A little less than a year ago, Keith DeVries was nearly arrested twice in two weeks. Last Sept. 25, the University of Pittsburgh student was among 100 people caught up in a police dragnet in front of the Cathedral of Learning. On Oct. 6, he and other Pitt students were ousted after disrupting the gubernatorial campaign kickoff of Dan Onorato, whom they blamed for heavy-handed police tactics during the G-20.

Today, DeVries is a graduate doing election-season work for Democrats ... including Dan Onorato. Who, DeVries says, is still a better candidate than Republican Tom Corbett. "I do OK" at making the case for Onorato, he says.

But the aspiring filmmaker hasn't forgotten the G-20, and it's almost impossible to watch his 25-minute documentary, "Democracy 101," without wincing at the memories it dredges up.
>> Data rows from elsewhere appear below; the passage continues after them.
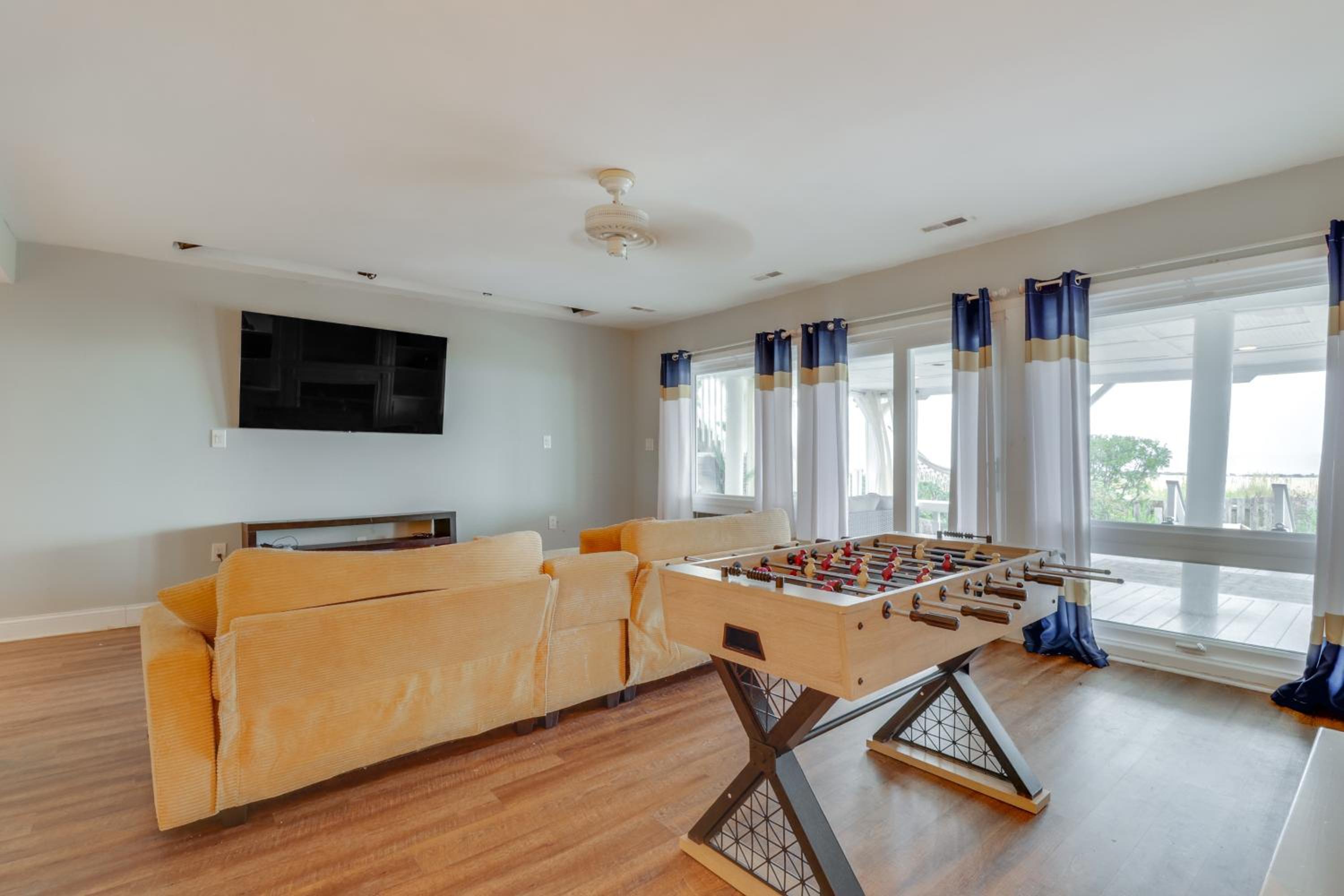 Pets Welcome Beachfront Family Retreat in Norfolk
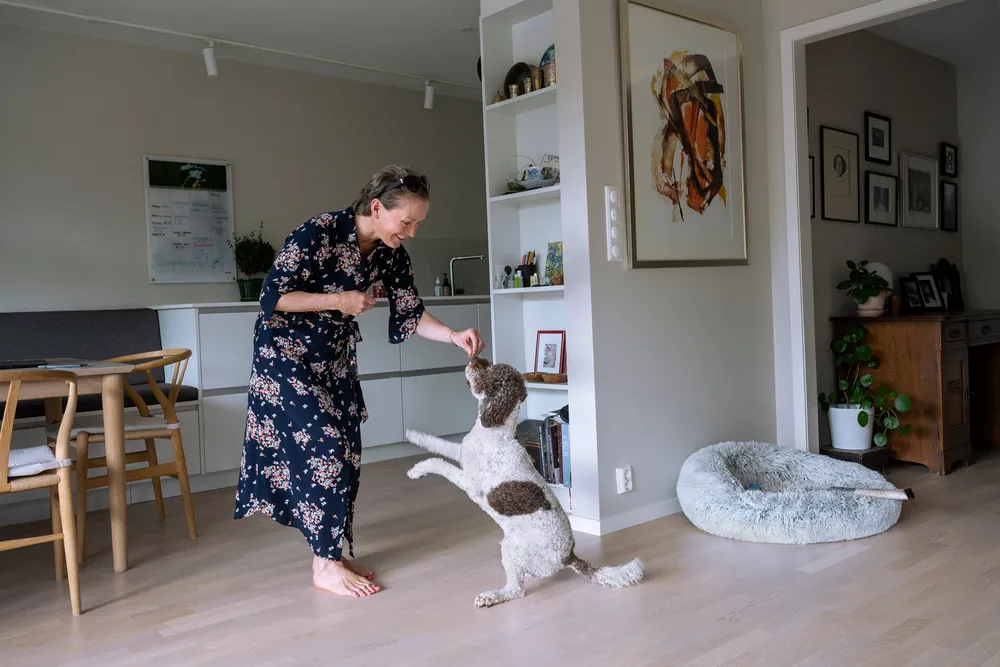 Line Coll, partner i Wikborg Rein og mor til to, satser fullt på både karriere og familie. Nøkkelen tror hun er en god struktur på hverdagen, knallhard prioritering, arbeidslyst og «en fantastisk vaskehjelp, om det er lov å si».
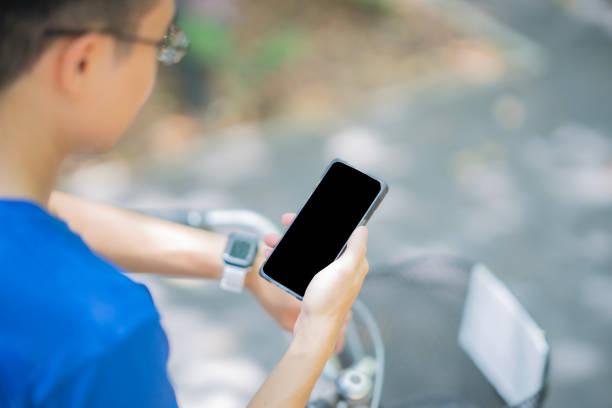 istock Focus on Smartphone with black screen with blur smart watch over man shoulder looking at phone to check tracking distance. 1511096949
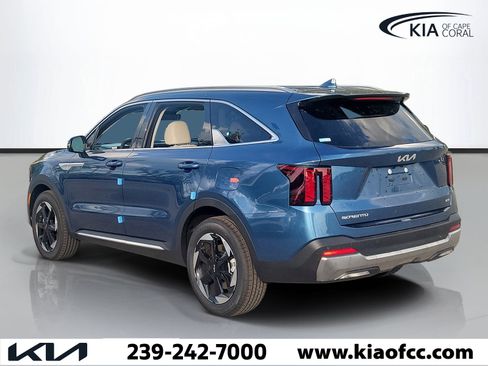 New 2026 Kia Sorento EX FWD image 4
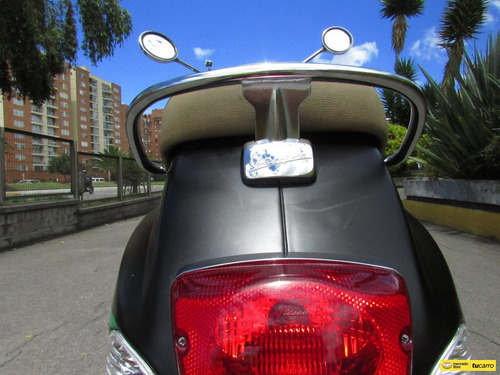 Imagen 22 de 25 de Vespa Vxl 150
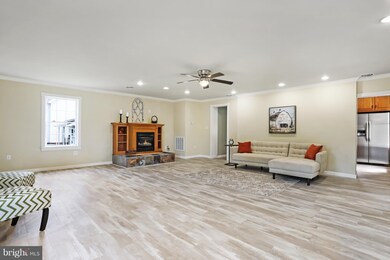 12516 Bradbury Ave, Smithsburg, MD 21783 - photo 5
There are the Pitt students trapped inside a pedestrian bridge, as police march in phalanxes below ... there is the officer in riot gear deploying pepper spray (as students protest "Yo! Dude!" ) ... and there is the fading footage of DeVries on the Cathedral lawn.

The film has been shown in college classrooms, DeVries says, where it's been seen by students who weren't involved in G-20 events. "They were outraged -- but not to the point of taking action."

That may sum up the mood on campus today, a year after G-20.

The G-20 events did spur some students to become more politically active. Pitt junior Eva Resnick-Day escaped arrest, though she had to walk to Shadyside to avoid police, and says she dodged clouds of pepper spray along the way. She recalls the G-20 as "a huge, awful event that changed my view of how the system was run." While she'd been active in environmental issues before, she says, she began working on other causes as well.

She and others credit G-20 with building a network of student activists whose impact was felt last spring, when unionized employees of Pitt's dining halls went on strike. "It was a lot of familiar faces" from G-20 events, she says.

"People were out blocking Forbes Avenue and Bouquet Street" for the cafeteria workers, DeVries recalls. "I'd never seen anything like that in my five years at school."

"I certainly did see a pick-up in student activism after the G-20," agrees Pete Shell, a veteran activist with the Thomas Merton Center. He cites the creation of "What Happened at Pitt," the student group who staged the Onorato protest, and notes that a chapter of Students for a Democratic Society -- an activist group with roots in the 1960s -- started at Pitt last fall.

Lefties weren't the only students the G-20 provoked. For Giles Howard, the event confirmed an emerging libertarian viewpoint. "I was fairly pro-police in the run-up to the G-20, but that certainly changed. There needs to be accountability for what happened." To Howard, police behavior "brought government into students' lives" -- and not in a good way. But Howard, who founded a collegiate libertarian think-tank called the Publius Foundation, has also been critical of groups like the SDS, and activists who, he says "try to hijack a message when they aren't representative."

Many students showed a willingness to put the event behind them early on. "It's always hard to talk about students in terms of activism," says Sudipta Devanath, a member of Pitt's Student Governing Body at the time. She notes that Mayor Luke Ravenstahl proposed a controversial "tuition tax" on students just two months after the G-20:  "A lot of energy shifted there," she says. Devanath and others have, in fact, recently launched a "Student Civic Engagement Campaign" to get students more involved in local politics.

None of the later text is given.